Supreme Court sides with Texas, in a dispute where the World Court ruled in 2004 that the convictions of Medellin and 50 other Mexicans on death row around the United States violated the 1963 Vienna Convention, which provides that people arrested abroad should have access to their home country's consular officials. The Bush administration was seeking to get the courts to go along with this ruling.

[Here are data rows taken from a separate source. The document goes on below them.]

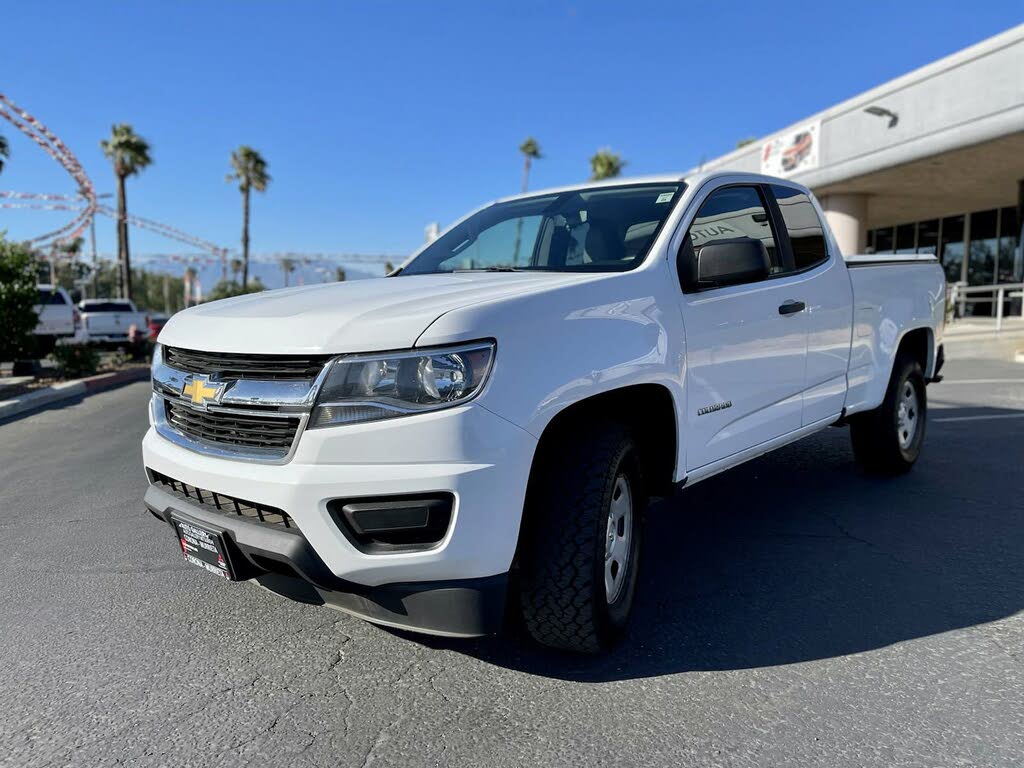 2018 Chevrolet Colorado Work Truck Extended Cab LB RWD for sale in Murrieta, CA – photo 5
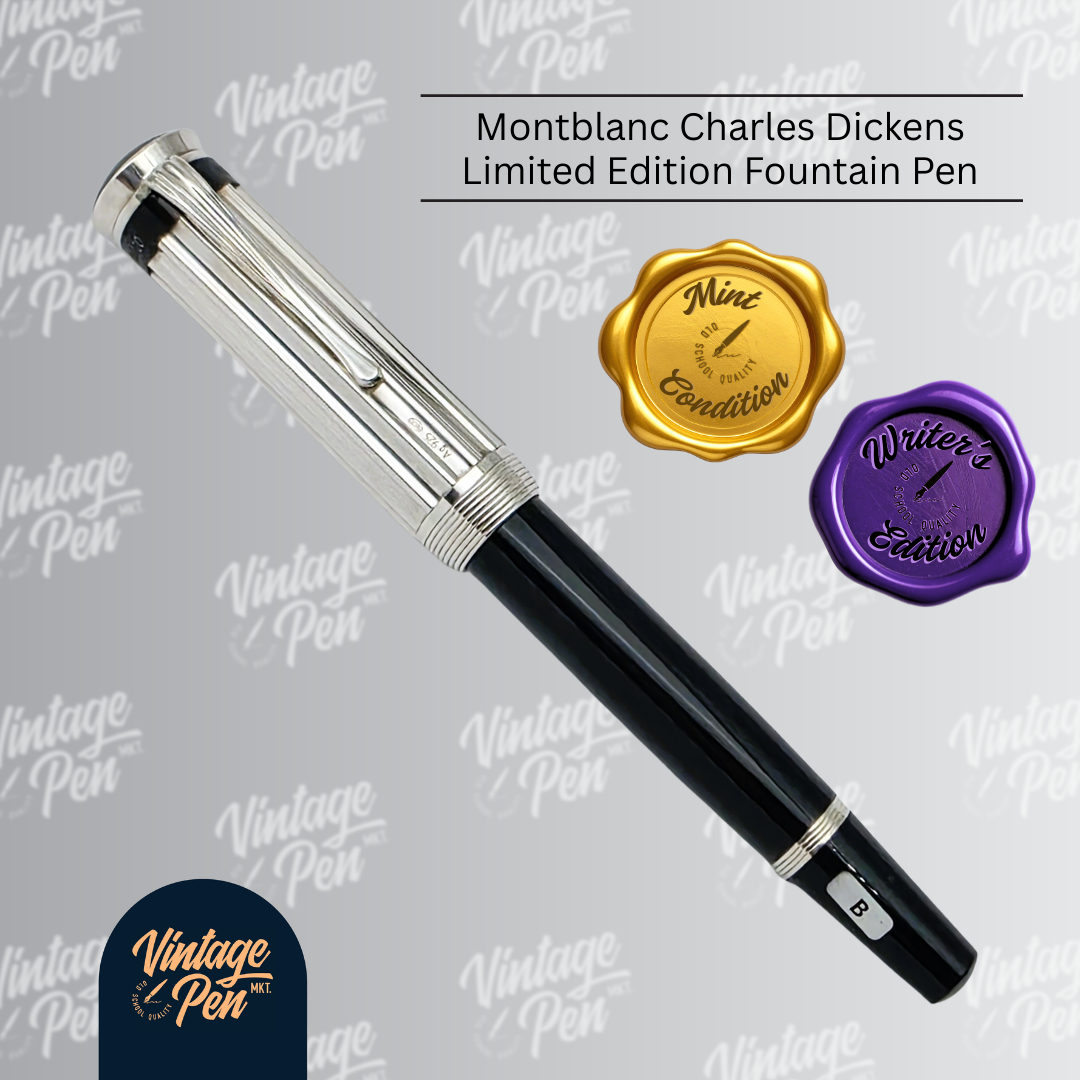 Montblanc Charles Dickens Limited Edition Fountain Pen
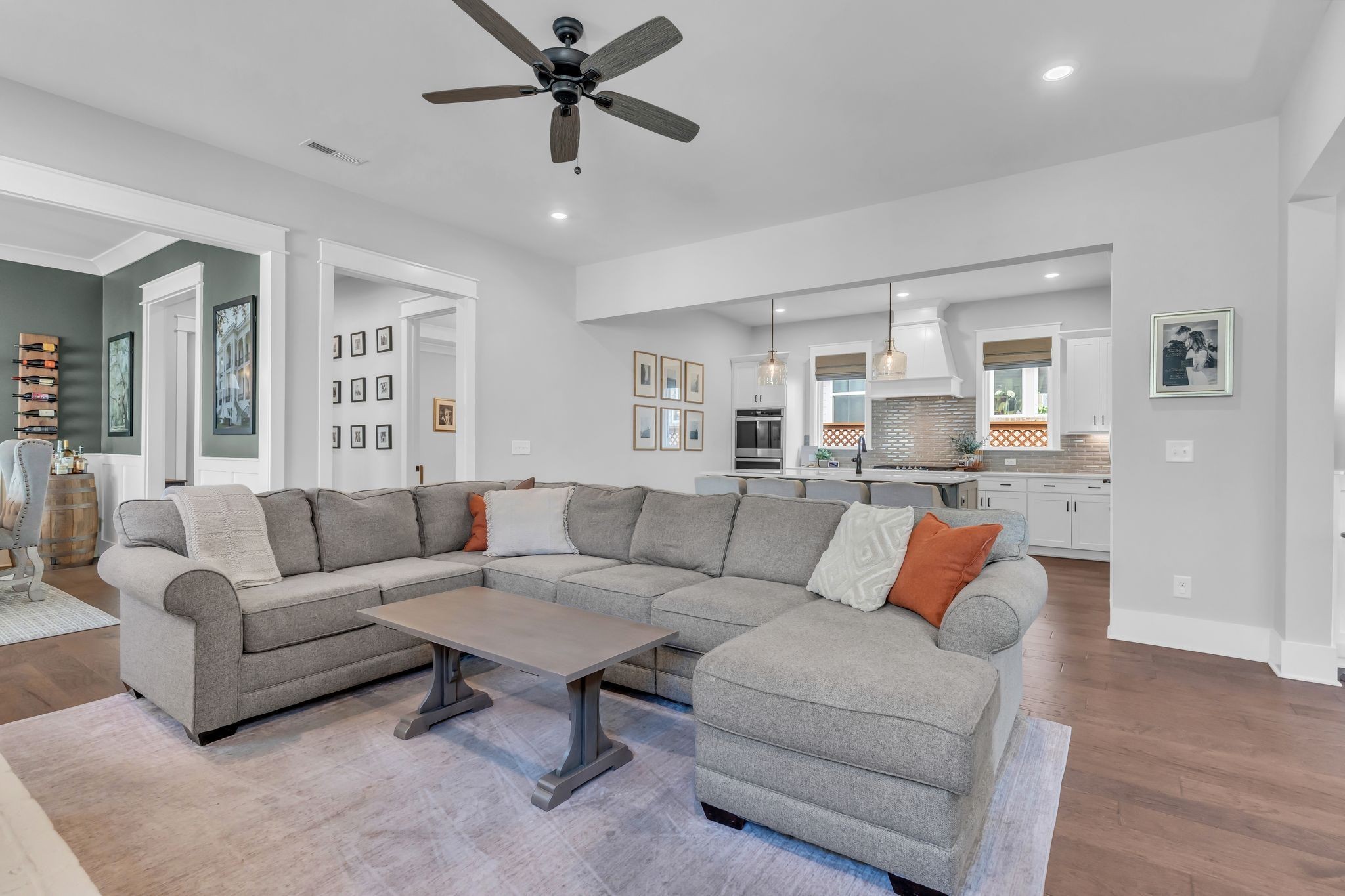 368 Azalea Circle Hendersonville, TN 37075 - Photo 15 of 61 a living room with furniture and a view of kitchen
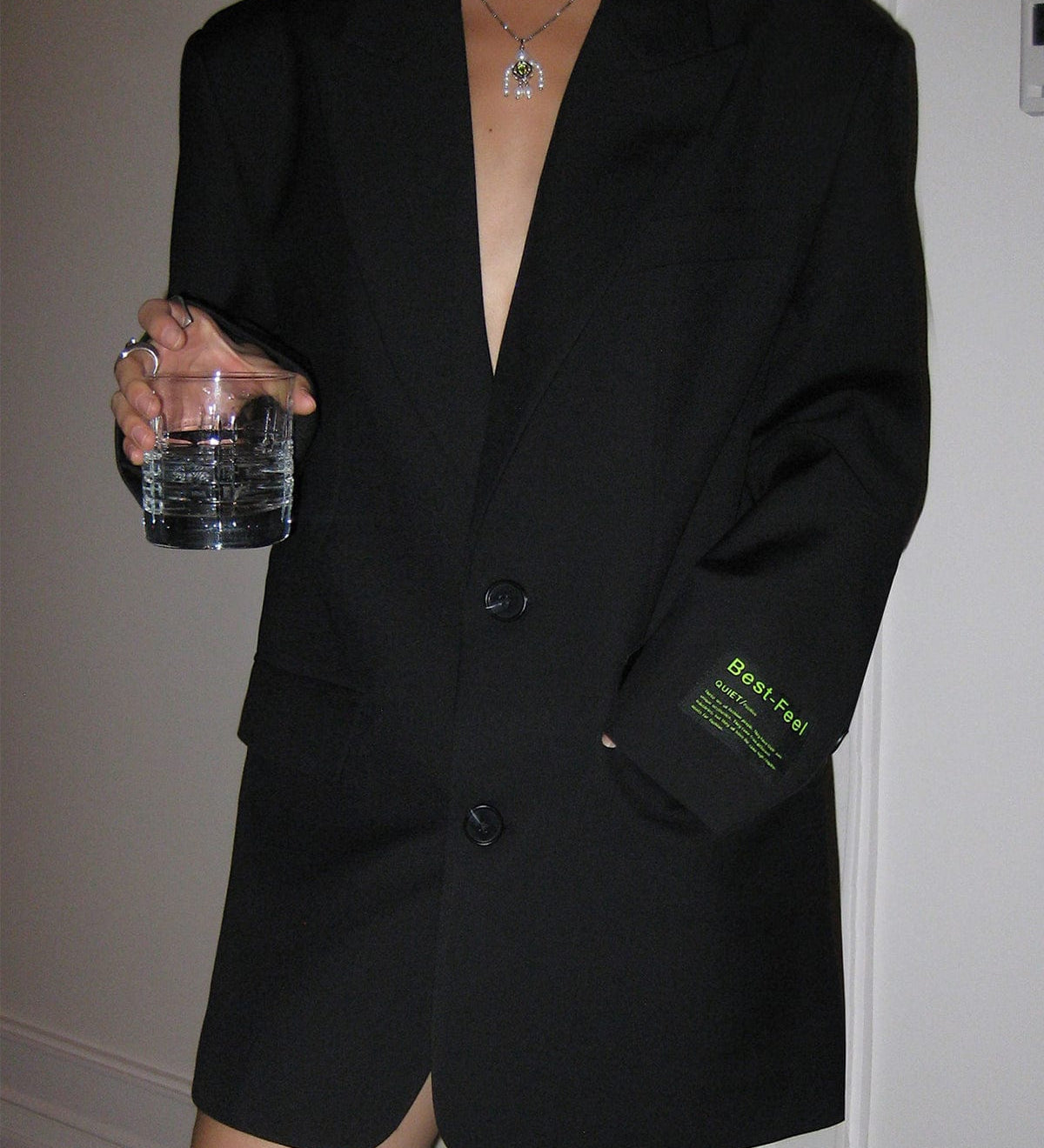 Oversized Structured Blazer for Women with Sharp Tailoring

Chief Justice John Roberts, writing for the majority, said the international court decision cannot be forced upon the states. SCOTUSblog via Michelle Malkin says:


"The Supreme Court, in a sweeping rejection of claims of power in the presidency, ruled 6-3 on Tuesday that the President does not have the authority to order states to relax their criminal procedures to obey a ruling of the World Court. The decision came in the case of Medellin v. Texas (06-984). Neither a World Court decision requiring U.S. states to provide new review of criminal cases involving foreign nationals, nor a memo by President Bush seeking to enforce the World Court ruling, preempts state law restrictions on challenges to convictions, the Court said in a ruling written by Chief Justice John G. Roberts, Jr.


The decision, aside from its rebuff of presidential power, also treats the World Court ruling itself as not binding on U.S. states, when it contradicts those states’ criminal procedure rules. The international treaty at issue in this dispute — the Vienna Convention that gives foreign nationals accused of crime a right to meet with diplomats from their home country — is not enforceable as a matter of U.S. law, the Roberts opinion said. "


This is a good day for Texas and American sovereignty and for keeping American law unfettered by the internationalist busybodies.


PS. Those seeking an appeal for Medellin are asking for another chance for a brutal murderer (warning: graphic).